Fourier Reparameterized Training (FR) [Shi et al., 2024a]: Learning parameters in the Fourier domain can improve INRs, but lacks theoretical guidance.
BN for INR [Cai et al., 2024]: Classic BN can also improve INR performance, but is incompatible with SIREN.
NTK Spectrum Analysis [Ronen et al., 2019; Tancik et al., 2020]: Explaining spectral bias using the NTK spectrum; this work goes further to convert it into an operational training strategy.

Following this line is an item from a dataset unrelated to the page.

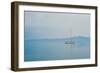 Sailing Boat on Lake-Clive Nolan-Framed Photographic Print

Geifman et al., 2023: First attempt to modify the NTK spectrum to accelerate convergence, but limited to toy setups; this work extends it to practical scales through inductive generalization.

Rating¶

Novelty: ⭐⭐⭐⭐ — First to convert eNTK spectral regulation into a practical training-time gradient transformation with a complete theoretical chain.
Experimental Thoroughness: ⭐⭐⭐⭐ — Covers 2D images, 3D shapes, and synthetic data, with comprehensive comparisons against FR and BN.
Writing Quality: ⭐⭐⭐⭐ — The theoretical derivation is clear, and the transition from formulas to the algorithm is smooth.
Value: ⭐⭐⭐⭐ — Has practical application value in the field of INR; controllable adjustment of spectral bias is a significant contribution.